Trinity College School’s language classrooms are open wide, the sound of student voices fills the hallways with songs, conversations, film dialogue and extemporaneous conversation in Spanish, French, German and Latin.

Given the interest and initiative of faculty member Maria Velasquez-Labrecque, a great deal of instruction and support has been provided for the development of a dynamic language instruction method. At the beginning of the year, the methodology and practice of “Teaching Proficiency Through Reading and Storytelling” (TPRS) was the focus of departmental programming. Joined by the remarkable Adriana Ramirez (author and coach), who led the team through the sensations, practices, challenges and opportunities that attend upon this practice, all language teachers in the department prepared for a dynamic new teaching opportunity. The TPRS method relies upon continuous and active student engagement in and utilization of the target foreign language. The old practices of memorization and rote application give way to a highly personalized and contextualized participatory exploration of language. Through the calculated and deliberate delivery of comprehensible input, students are provided both with the means and the arena for directed and purposeful learning. Communication is the purpose of language and the TPRS model is affording students to connect and share from the first moments of their study.

Ms. Velasquez-Labrecque’s students are developing comfort with the risks required when daring to employ unique modes of expression and a new language. Her students transform their classroom, having it become a place that echoes with creative expression, heightened engagement and active learning. The collaborative nature of the space, with students facing one another in order to emphasize the connection afforded by language, brings a lively, performative atmosphere to the classroom. This energy was shared with the larger school through the Dia de los Muertos celebration spearheaded by the students of Spanish. Music in Osler Hall, a Mexican meal, and traditional dedicatory altars in Cirne Commons all helped to celebrate Spanish at TCS.

The French program at TCS has embraced a similar strategy for teaching and learning. Under the leadership of Ms. Tiffany Bathurst, Mrs. Rachel Stephens and Mr. Andrew Petrolito, students both at the core and enriched levels are employing the TPRS model in order to promote orality and a confidence that is required to use the target language. The further incorporation of the DELF (diplôme d’études en langue française), something being facilitated through the efforts of Ms. Bathurst, provides students with a certificate that can attest to an internationally recognized standard of proficiency and bilingualism. This, together with a commitment to participating in the Concours d’art oratoire, provides students in the languages and culture department the opportunity to aspire to various levels of proficiency through practice, application and creative exploration.

Mrs. Stephens continues to build strong students both in French and German. Exploring the inflections and culture of these two languages, she makes the spoken word a commitment in all of her classes. Beyond TPRS, Mrs. Stephens uses Touchstones Discussion Project texts in French in order to foster the collaborative capacity for creative and extemporaneous discourse.

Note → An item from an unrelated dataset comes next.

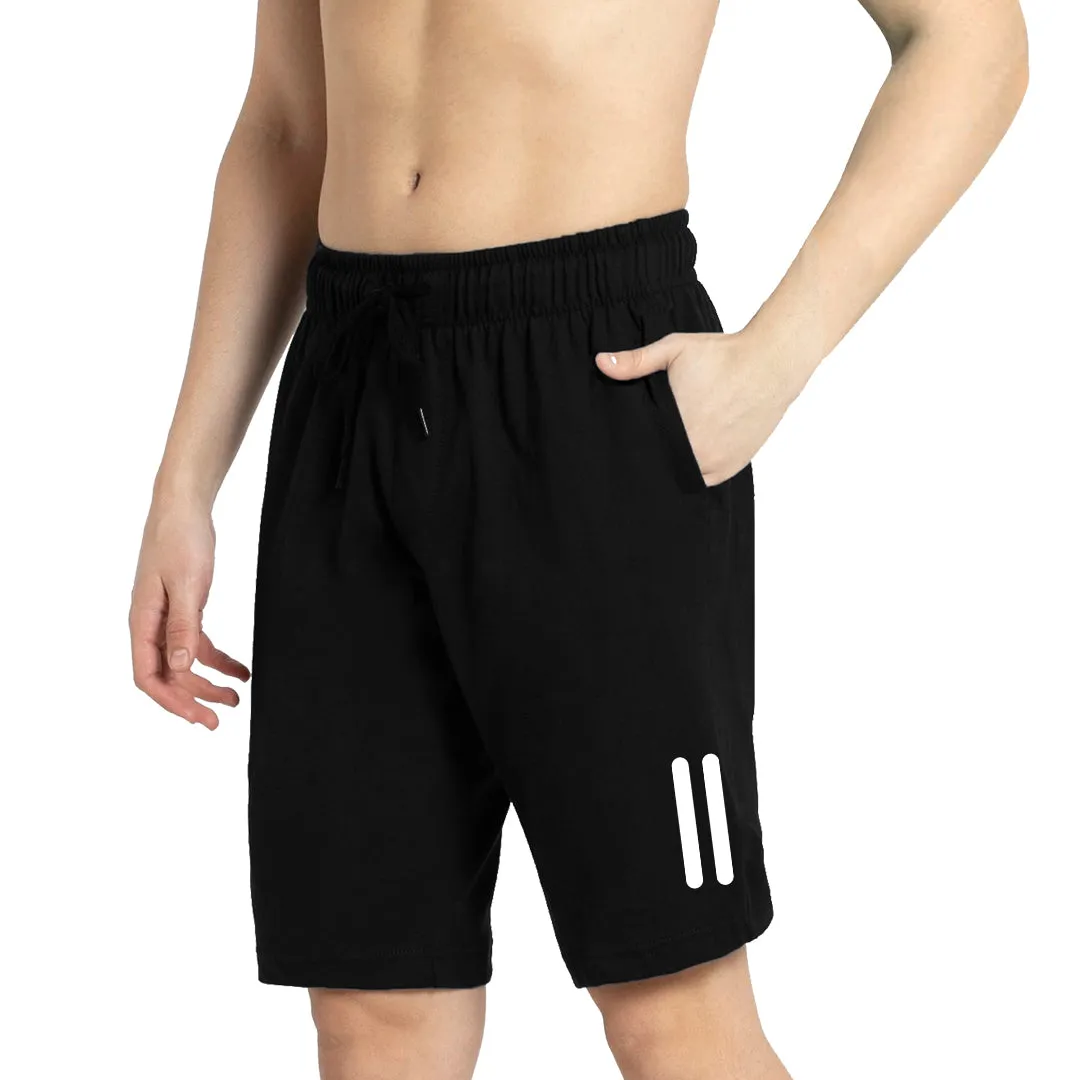 Kart Black Men's Knee Length Loopknitt Fabirc Cotton Shorts (Pack Of 2) | GRY_BLK_DBL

The Classics are strong at TCS. Courses in Latin, classical civilizations and philosophy are providing students with material, practices and lessons pertinent both to a study in the humanities and to contemporary culture. The critical thinking and process-based analysis fundamental to the reading of Latin cultivates in students the intellectual self-discipline that is key to language and other areas of study including both mathematics and computer science. Students in Grade 12 Classical Civilizations are learning how to read and interpret various archetypes rooted in classical mythology that inform popular modern narratives celebrated in art, book and film. An essay asking students to read the film Cool Hand Luke through the Promethean episodes of Hesiod’s poetry, challenges them to exercise a heightened sense of cross-cultural literacy. Students in Grade 12 Philosophy are learning the need to think deliberately and critically. Exploring the course thematically, emphasis is placed upon cultivating awareness of the thinkers, systems and responses that are pertinent to questions that address the complementary aspects of ethics, metaphysics and epistemology. Embedded in the course is a text entitled Mapping the Future. This Touchstones Discussion Project challenges students to read primary source texts, derived from a variety of authors, with the aim of helping students to discuss both critically and constructively key elements of the curriculum.

The energy of the teachers in this department and their overt love both of language and students, make it a daily pleasure to work as part of the team in languages and culture.